Entries taken from a collection:

____

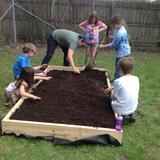 The Childrens House Photo #3 - Students help prepare the new garden bed for planting.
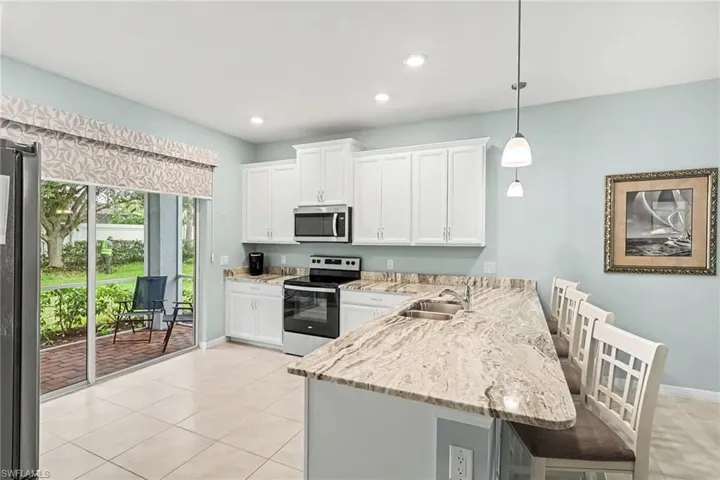 White cabinetry, stainless steel appliances, light-toned countertop, tile flooring, and sliding glass doors to a brick patio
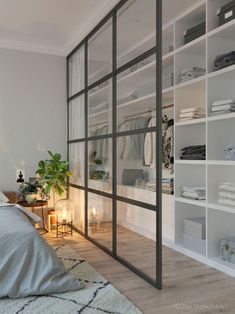 a bedroom with white walls and shelves filled with clothes, candles and other items on the floor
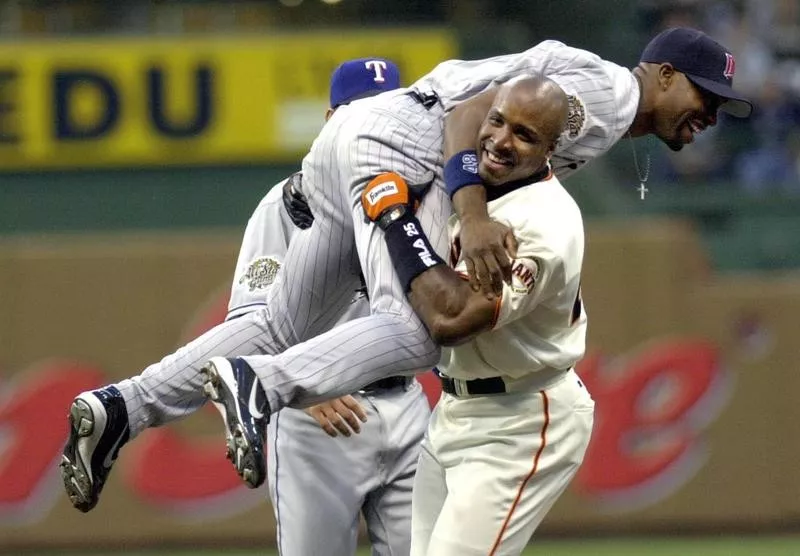 Barry Bonds of the San Francisco Giants picks up Torii Hunter of the Minnesota Twins after he robbed Bonds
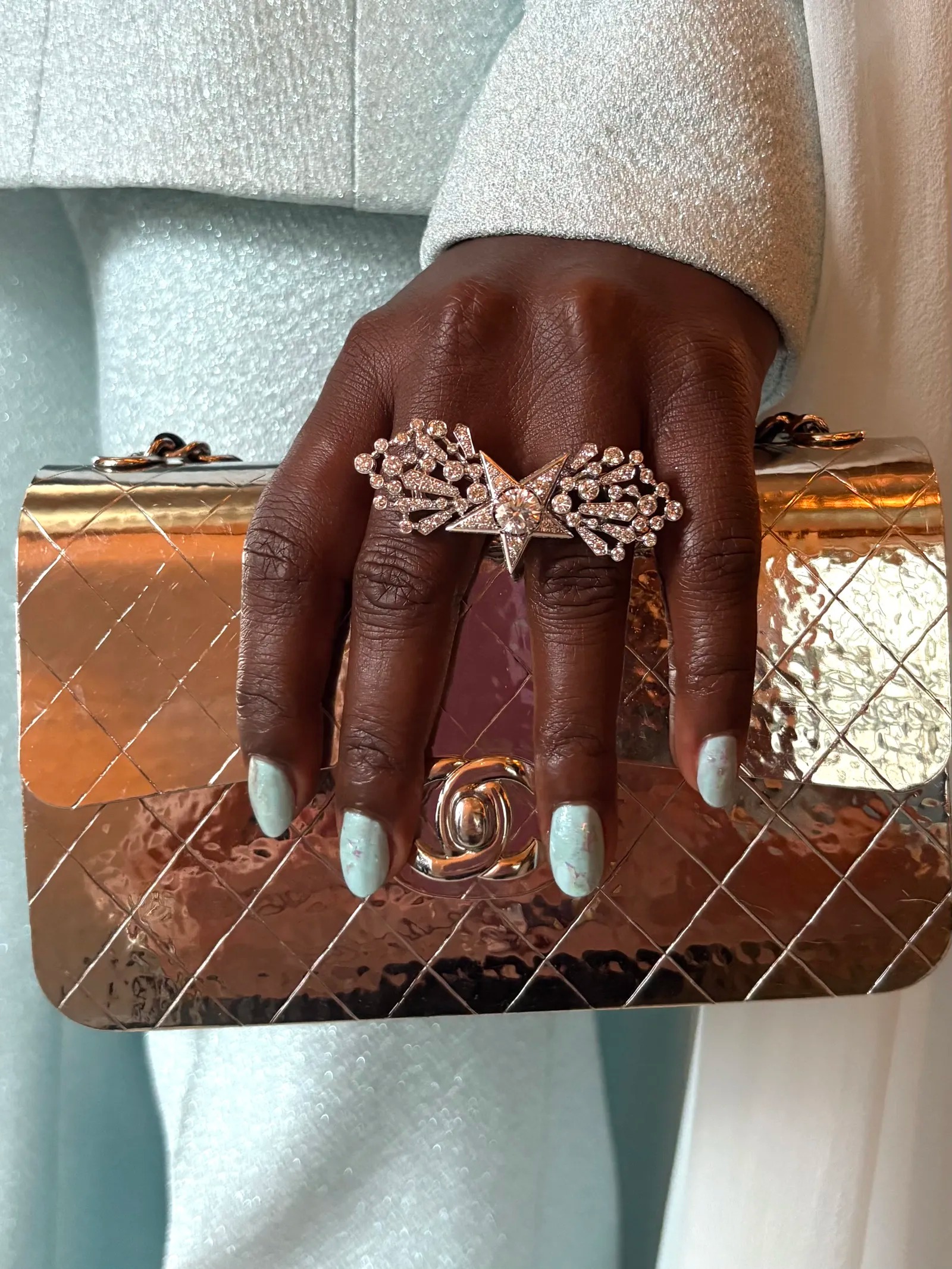 An image of Lupita Nyong’o with watery blue nail polish.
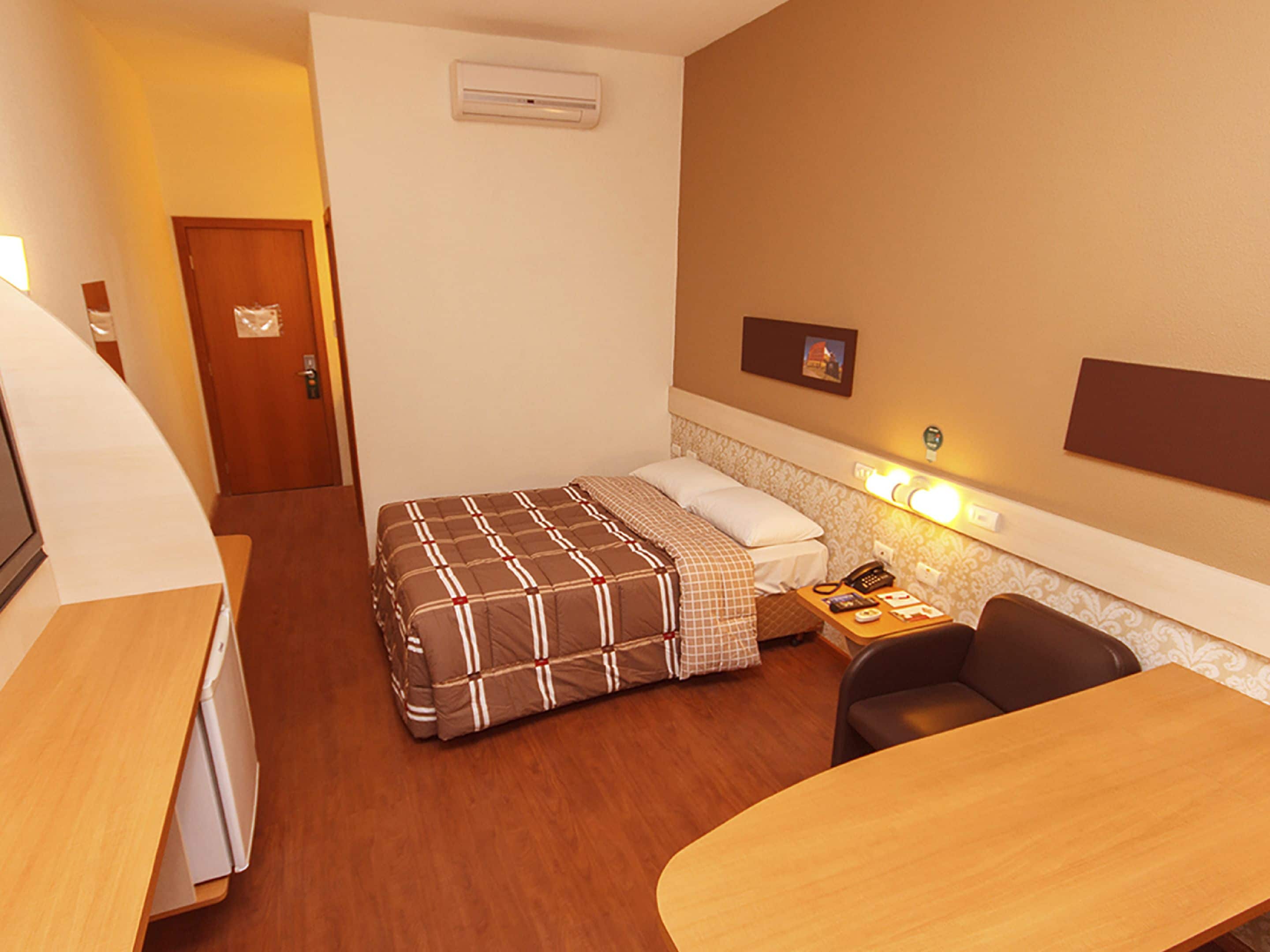 A hotel room with a bed, a desk, a chair, a bedside table with a phone, and an air conditioning unit on the wall.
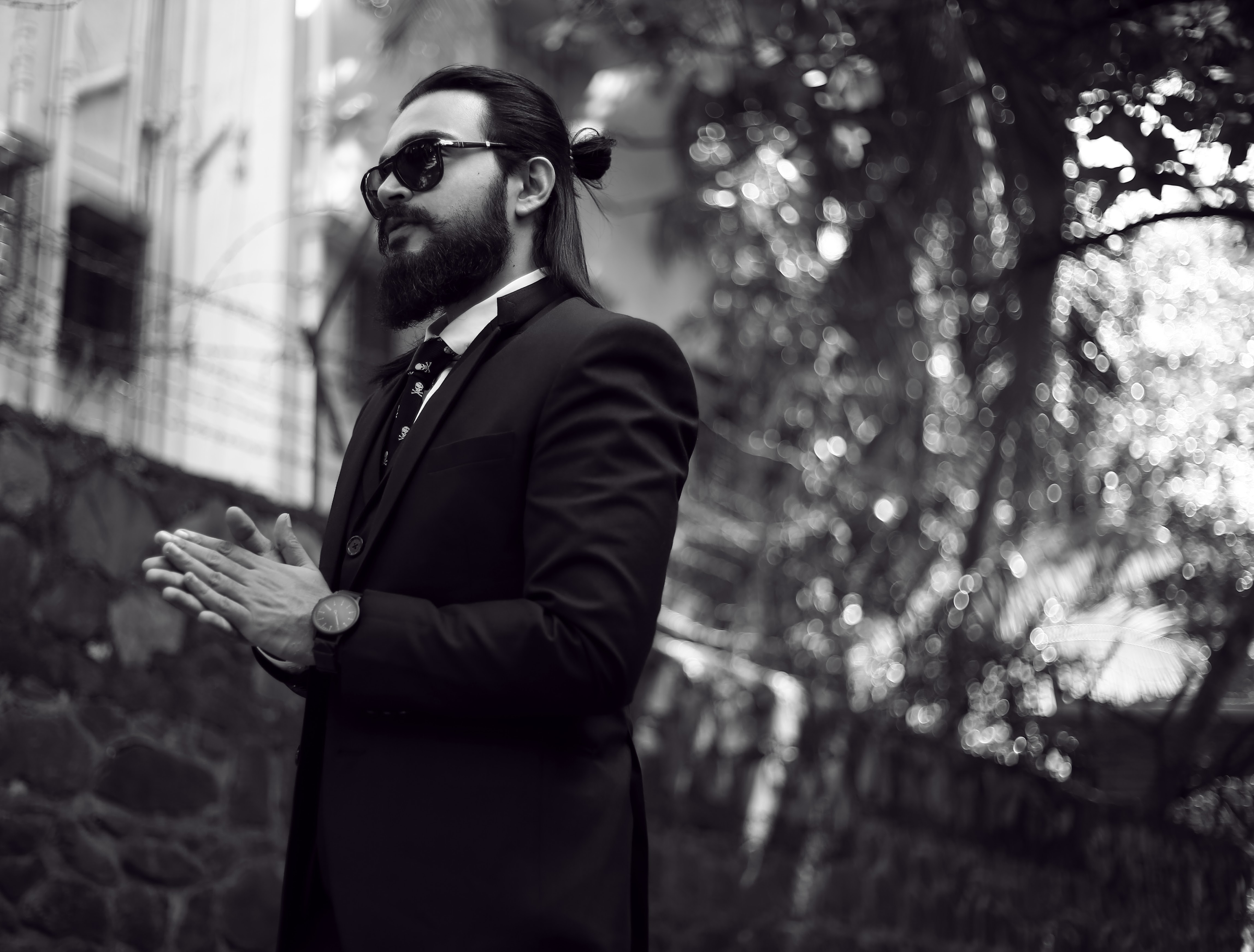 Mumbai-based singer, songwriter, and guitarist Umang Mehta wearing a suit, and skull-print tie in a vintage, artistic outdoor setting.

____

Try it: Could you transcribe exactly the lines from the line containing "An image of" through the final line of the records, both included, and nothing beyond them? The pictures should be left out.

Answer below:
 An image of Lupita Nyong’o with watery blue nail polish.
 A hotel room with a bed, a desk, a chair, a bedside table with a phone, and an air conditioning unit on the wall.
 Mumbai-based singer, songwriter, and guitarist Umang Mehta wearing a suit, and skull-print tie in a vintage, artistic outdoor setting.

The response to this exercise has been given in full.